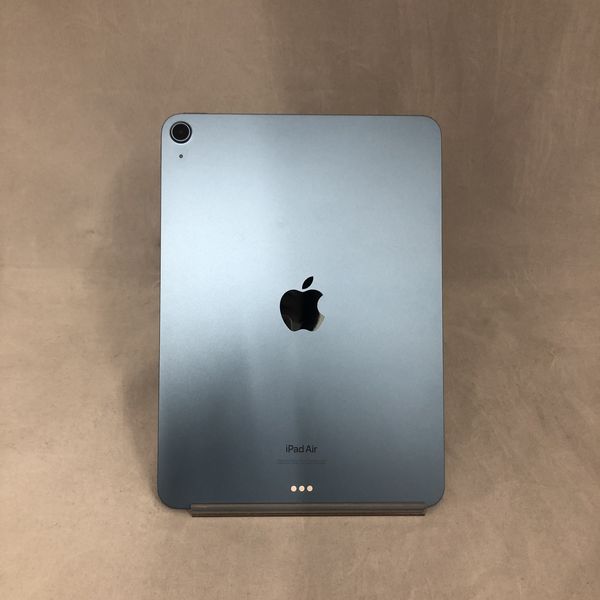 APPLE 〔中古〕iPad Air5 (第5世代) Wi-Fiﾓﾃﾞﾙ 64GB ﾌﾞﾙｰ MM9E3J/A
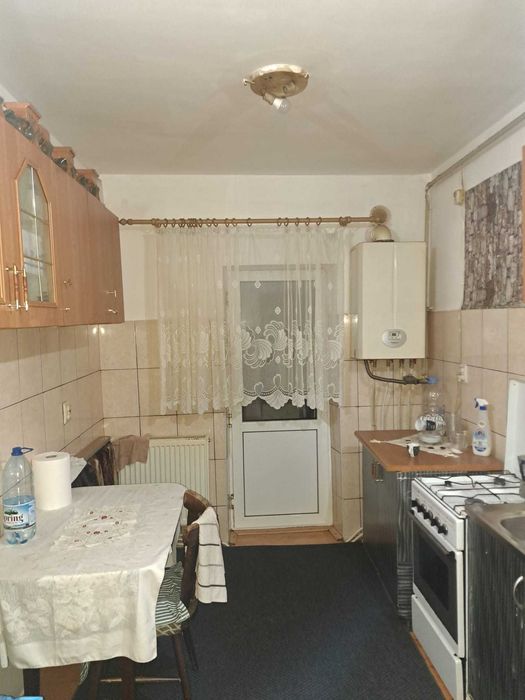 Vând apartament parțial mobilat în Hunedoara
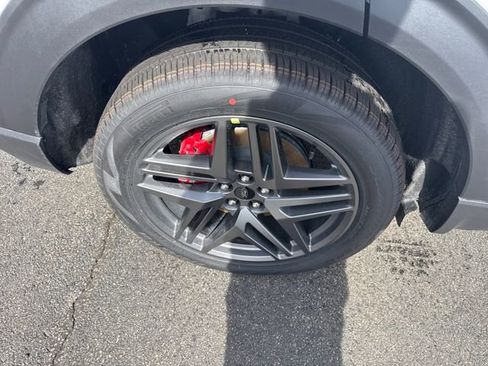 New 2026 Ford Explorer ST-Line w/ ST-Line Street Pack image 13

Work item = Copy the listing character for character, pictures omitted.

Result of the task =
 APPLE 〔中古〕iPad Air5 (第5世代) Wi-Fiﾓﾃﾞﾙ 64GB ﾌﾞﾙｰ MM9E3J/A
 Vând apartament parțial mobilat în Hunedoara
 New 2026 Ford Explorer ST-Line w/ ST-Line Street Pack image 13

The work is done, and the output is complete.